#### [Records]
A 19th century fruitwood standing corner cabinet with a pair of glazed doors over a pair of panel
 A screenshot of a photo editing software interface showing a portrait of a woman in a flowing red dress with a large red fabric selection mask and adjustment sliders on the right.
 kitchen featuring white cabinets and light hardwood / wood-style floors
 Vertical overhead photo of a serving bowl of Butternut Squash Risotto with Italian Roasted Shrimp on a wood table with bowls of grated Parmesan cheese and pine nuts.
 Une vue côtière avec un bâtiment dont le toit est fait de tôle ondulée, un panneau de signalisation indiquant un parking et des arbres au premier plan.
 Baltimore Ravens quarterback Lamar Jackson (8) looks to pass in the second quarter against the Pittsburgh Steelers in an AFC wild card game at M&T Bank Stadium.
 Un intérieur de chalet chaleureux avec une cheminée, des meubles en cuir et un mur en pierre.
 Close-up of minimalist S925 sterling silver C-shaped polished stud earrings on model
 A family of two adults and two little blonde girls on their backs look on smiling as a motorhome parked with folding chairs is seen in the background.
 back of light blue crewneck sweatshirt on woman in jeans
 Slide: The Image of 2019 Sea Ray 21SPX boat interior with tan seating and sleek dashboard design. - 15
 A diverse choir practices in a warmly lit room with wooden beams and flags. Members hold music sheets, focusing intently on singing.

#### [Problem requirements]
Copy whichever lines of the records above contain the word "photo".

#### [Task solution]
 A screenshot of a photo editing software interface showing a portrait of a woman in a flowing red dress with a large red fabric selection mask and adjustment sliders on the right.
 Vertical overhead photo of a serving bowl of Butternut Squash Risotto with Italian Roasted Shrimp on a wood table with bowls of grated Parmesan cheese and pine nuts.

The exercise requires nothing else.